Mr. Douce is quoted by Mr. Brand, as saying, “I have somewhere seen the following reason for eating goose on Michaelmas-day, viz. that queen Elizabeth received the news of the defeat of the Spanish Armada, whilst she was eating a goose on Michaelmas-day, and that in commemoration of that event she ever afterwards on that day dined on a goose.” This Mr. Brand regards as strong proof that the custom prevailed even at court in queen Elizabeth’s time; and observing that it was in use in the tenth year of king Edward the Fourth, as will be shown presently, he represents it to have been a practice in queen Elizabeth’s reign, before the event of the Spanish defeat, from the “Posies of Gascoigne,” published in 1575.

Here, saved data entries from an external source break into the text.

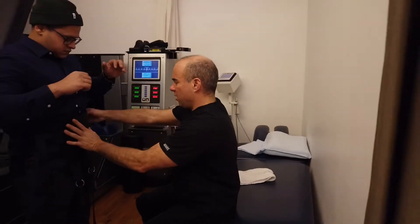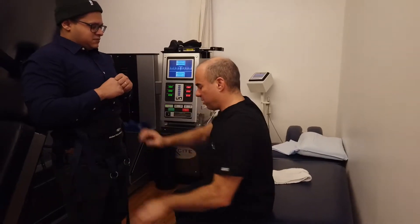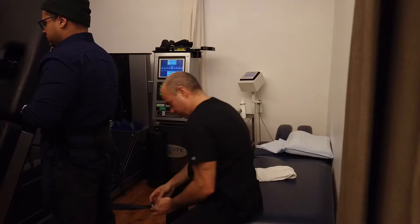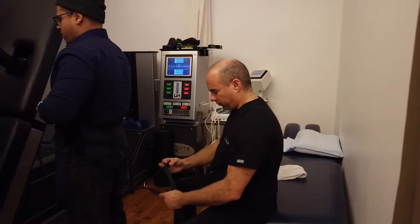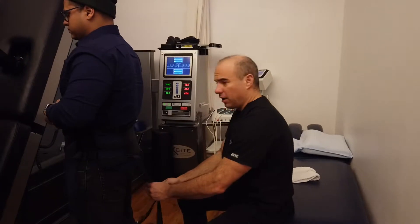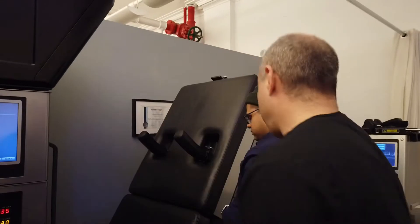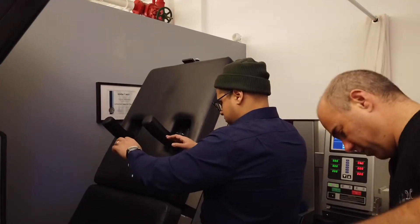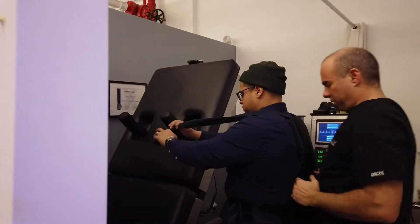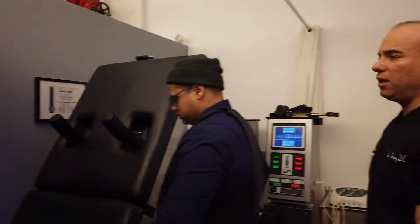Let's be really precise — we'll have to readjust it more than once. We'll get the harness on. Pull up on it a little bit. Hop up on the machine.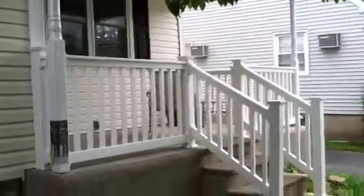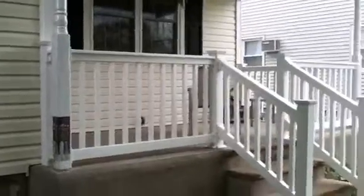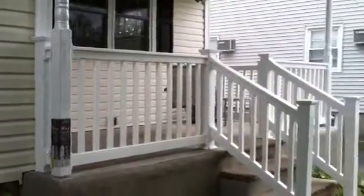Hi YouTube. This lemonade porch has all the railings installed. It used to be an enclosed sitting area. We had opened it up and applied these vinyl maintenance-free railings.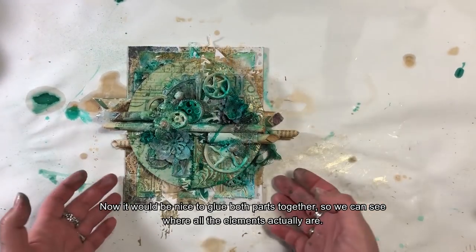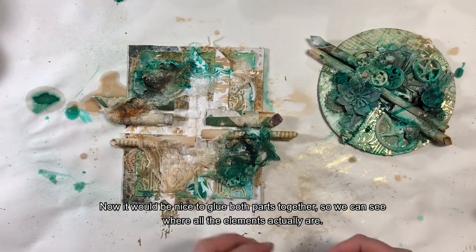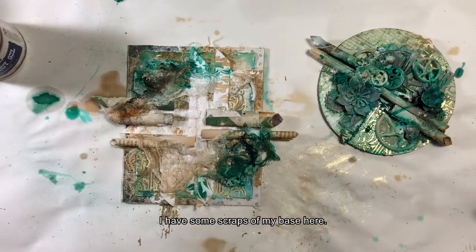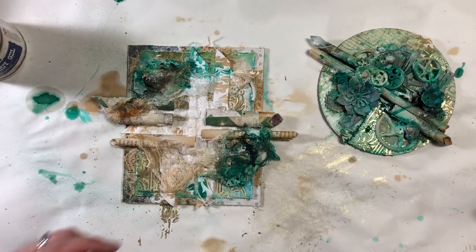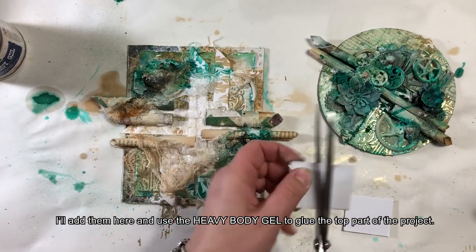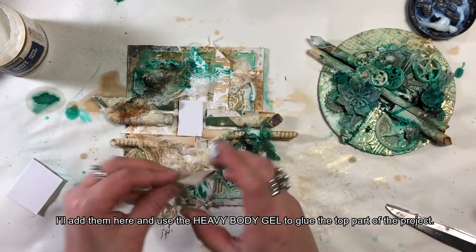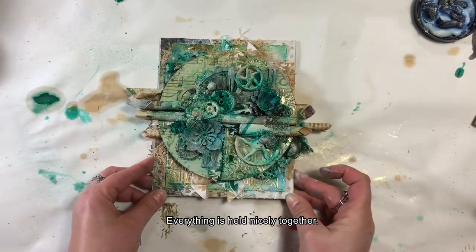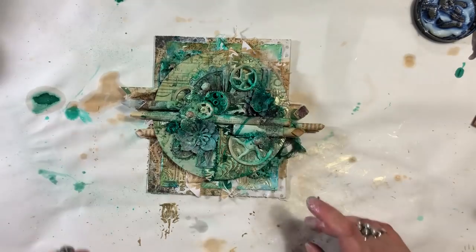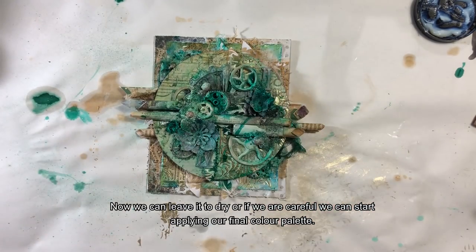Fajnie byłoby teraz skleić obydwie części, żeby już można było naprawdę zobaczyć, gdzie co będzie się znajdowało. Przykleję bazę i potem będę mogła na heavy body gel przykleić wierzchnią część projektu. Wszystko fajnie trzyma się razem. Możemy zostawić to do wyschnięcia albo, jeżeli jesteście bardzo ostrożni, można zacząć malować ostateczną paletę kolorów.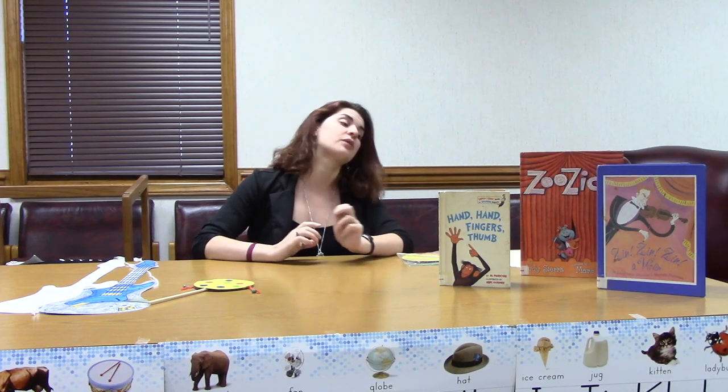Hi everybody! Welcome back to Storytime with Miss Megan. I'm Miss Megan and I am super excited about our craft for today. I'm so glad that everybody came and joined me and learned all about musical instruments and making music, some about how sound works and the different ways that you can group musical instruments into groups. And today we are going to make your own instruments. Are you excited? I know I am.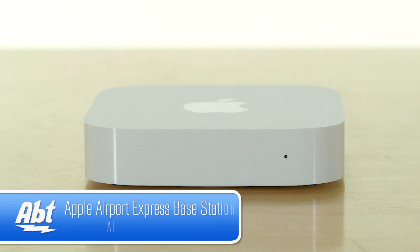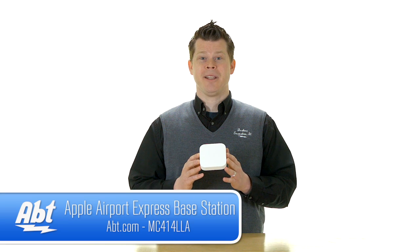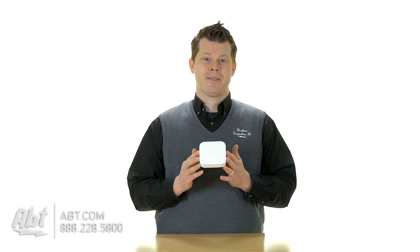Hi, I'm Josh from Apt, and this is the Airport Express base station by Apple. This is multiple things — really it's a wireless router that can create wireless internet in your house, or it's designed for a small location.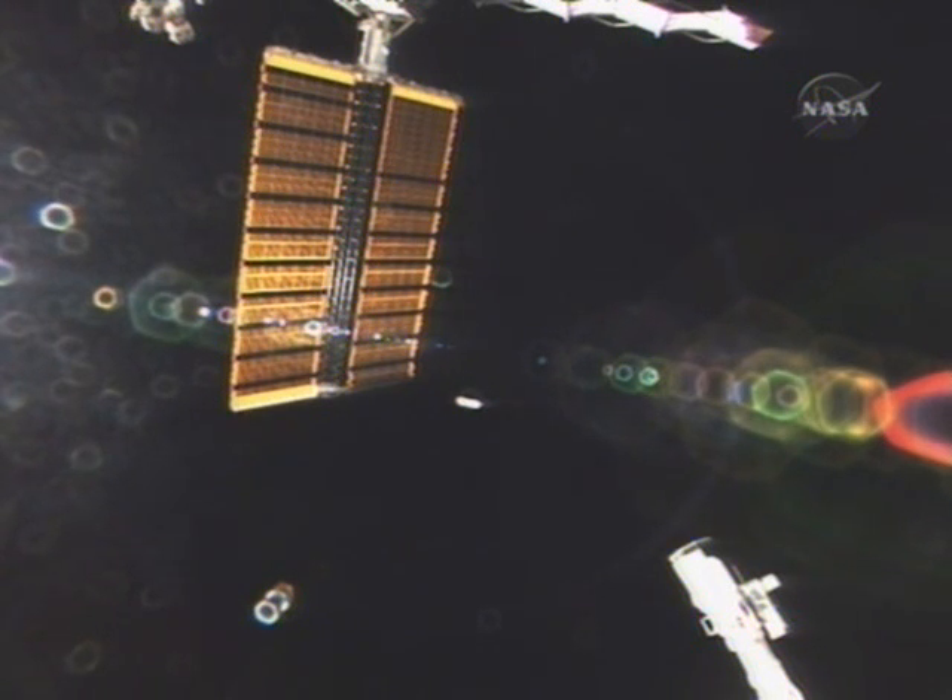ISS, Houston — that looks like a good nominal deploy. It's at 49%. And we concur, Steve — looks good. And we're ready to pick up with you in 15.9. Okay, going there.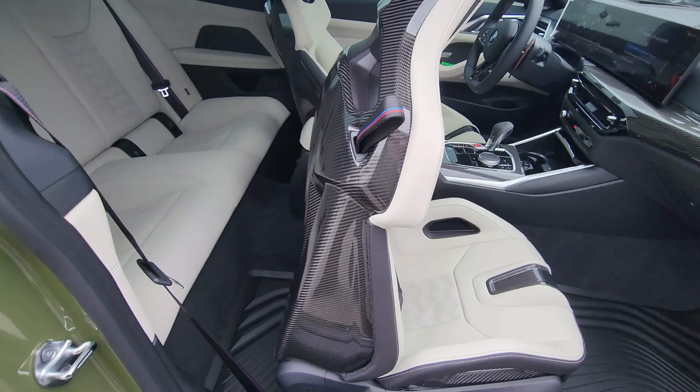Approaching from the driver's side — inside we have memory controls, window controls, side mirror controls, tailgate controls, Harman Kardon, full power seat with side bolster. Another look at these beautiful Ivory M Carbon bucket seats — the M4 badge illuminates on the headrest.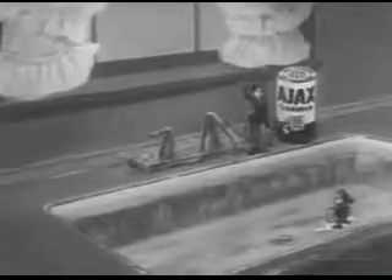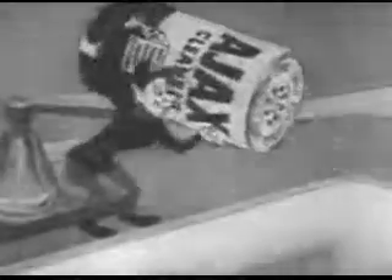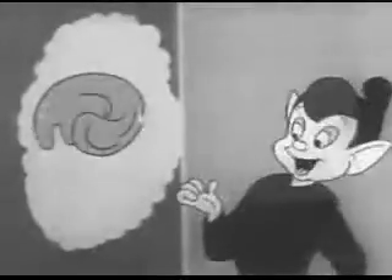Ajax cleans your kitchen sink up to twice as easy, twice as fast. Use Ajax, the foaming cleanser. Cleans your sink just like a whisk. Use the painstaking elbow grease when you start cleaning with Ajax.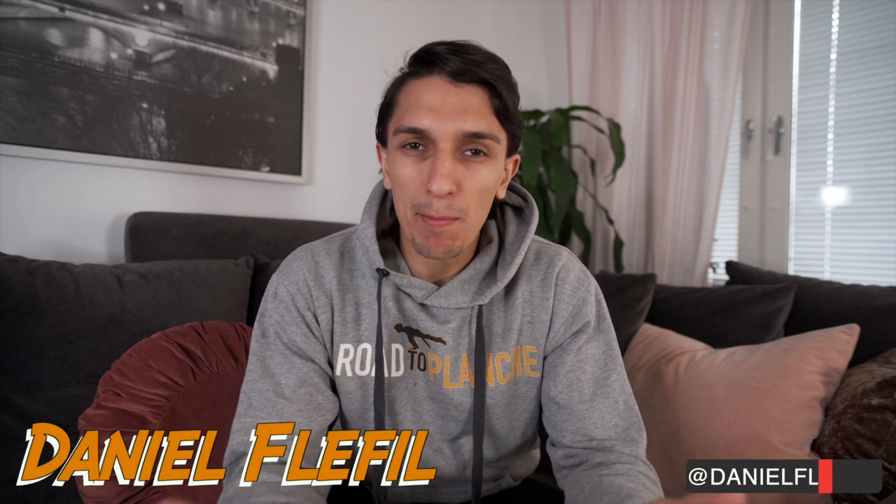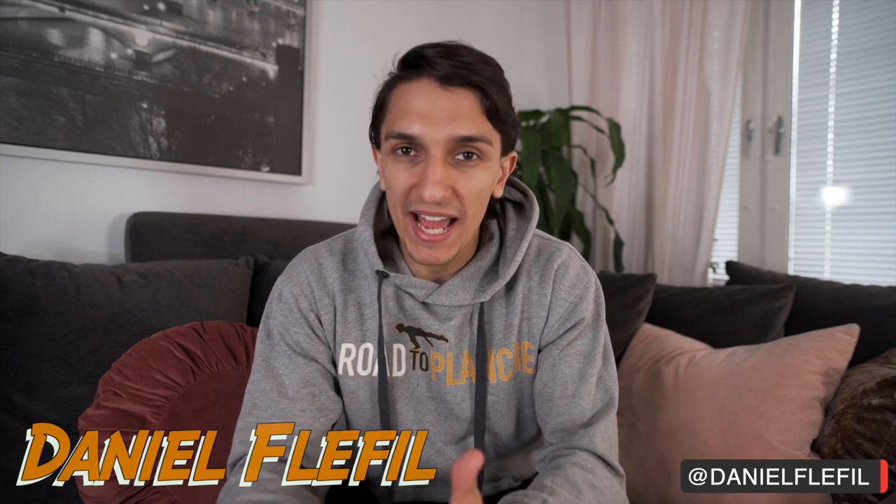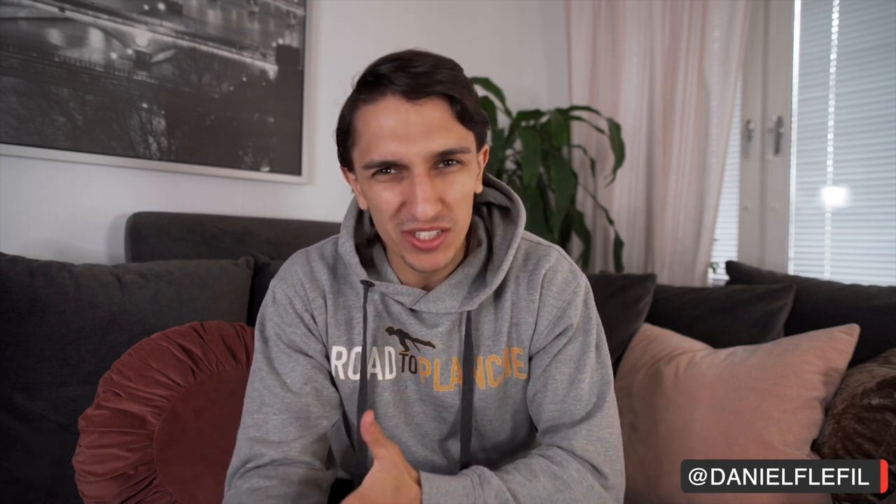What's up and welcome to another video of Road to Planche. Last time I posted a video about the Road to Planche was about three weeks ago. For those who are new to the channel and don't know about the Road to Planche series, it's the series where I show you my road towards learning the planche — the work, the ups and downs. And for those who have been following for a long time, you know I've had my ups and downs.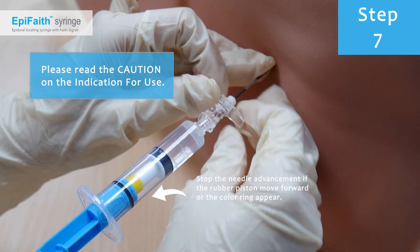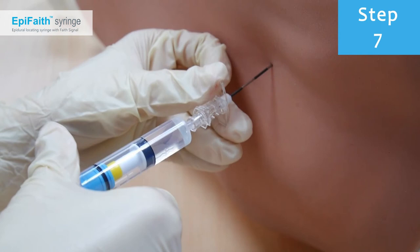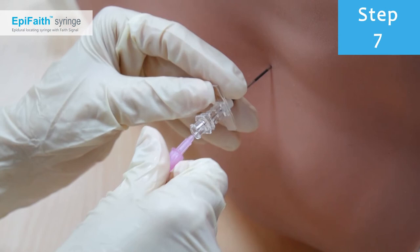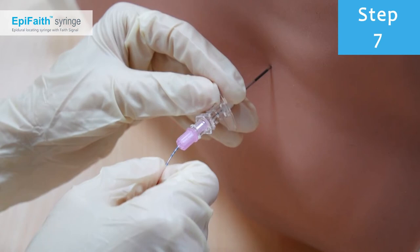Stop needle advancement if the rubber piston moves forward or colouring appears, as loss of resistance has occurred or if the system is open. Ensure needle tip location even if the warning signal appears, and insert a catheter to reaffirm location.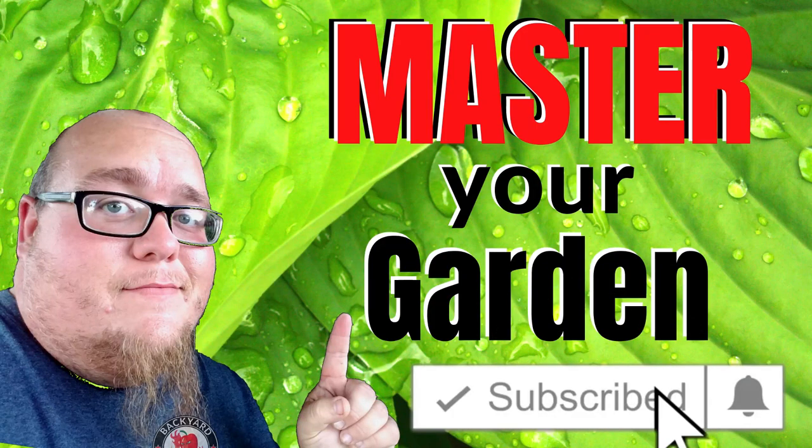What's up guys? My name is John. Welcome to another video. Today we're talking all about growing bell peppers from seed indoors.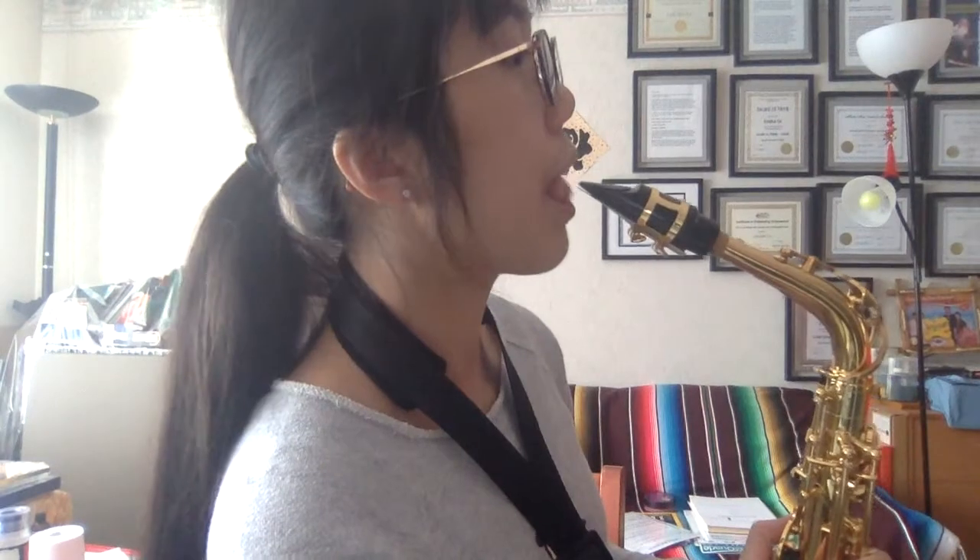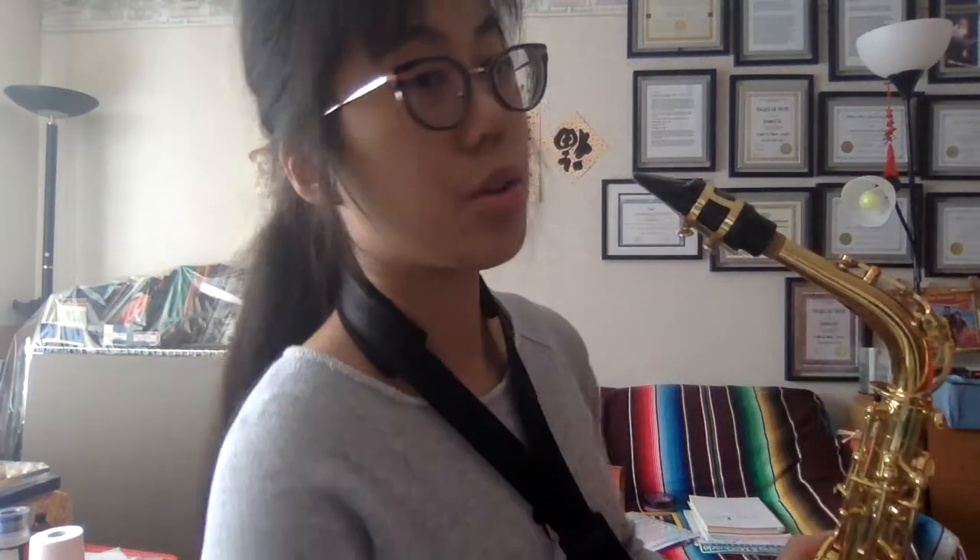Trying to get a good angle to show you. You can see that the tip of my tongue is touching the tip of the reed, and that is in combination with that proper embouchure.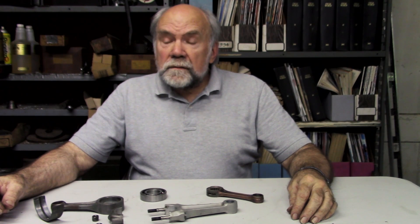I'm Kevin Cameron, at least I suspect so, and I want to talk about how crankshafts and connecting rods are brought together.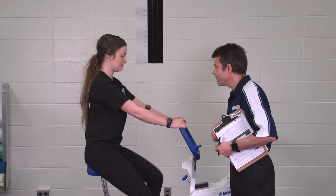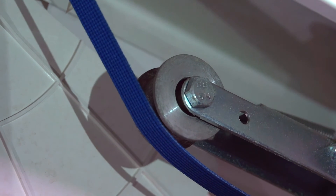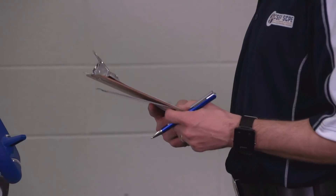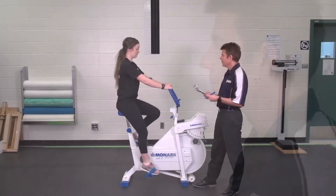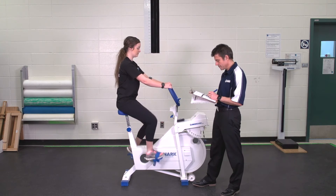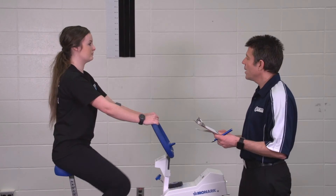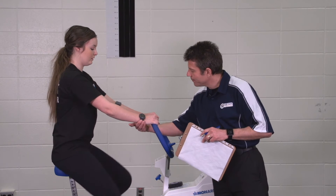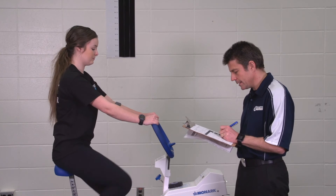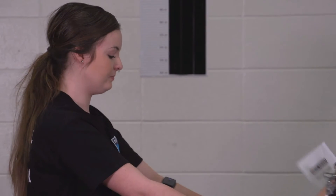I want you to keep pedaling at that 50 RPM while I adjust the bike. Alara, we're at minute one — I'll check your heart rate. Okay, we're at minute two — I'm going to check your heart rate again. We're coming up on minute three — I'm going to check your heart rate one more time. And again it is in steady state. How difficult do you find this? Fourteen.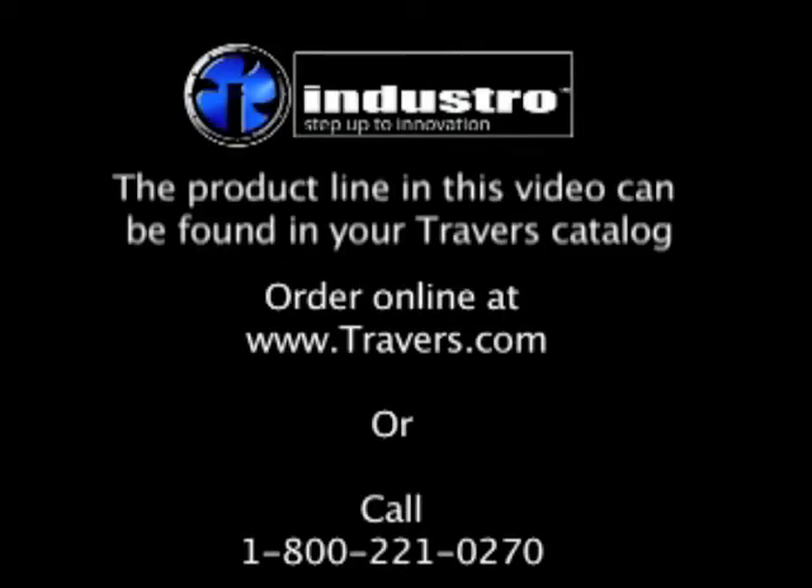If you would like to order the industrial line, please give us a call at 1-800-221-0270 or visit our website at www.traverse.com.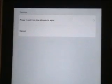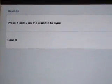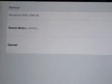It will say Activating Bluetooth, and it tells you to press 1 and 2 on the Wiimote simultaneously. It's just connected up there, it's still connecting, and it's connected.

“And when the tenauntes come
to paie their quarter’s rent,
They bring some fowle at Midsummer,
a dish of fish in Lent,
At Christmasse a capon,
at Michaelmasse A GOOSE;
And somewhat else at New-yeres tide,
for feare their lease flie loose.”
Gascoyne.
So also the periodical paper called “The World,” represents that “When the reformation of the calendar was in agitation, to the great disgust of many worthy persons who urged how great the harmony was in the old establishment between the holidays and their attributes, (if I may call them so,) and what confusion would follow if Michaelmas-day, for instance, was not to be celebrated when stubble-geese are in their highest perfection; it was replied, that such a propriety was merely imaginary, and would be lost of itself, even without any alteration of the calendar by authority: for if the errors in it were suffered to go on, they would in a certain number of years produce such a variation, that we should be mourning for a good king Charles on a false thirtieth of January, at a time of year when our ancestors used to be tumbling over head and heels in Greenwich-park in honour of Whitsuntide: and at length be choosing king and queen for Twelfth Night, when we ought to be admiring the London prentice at Bartholomew-fair.”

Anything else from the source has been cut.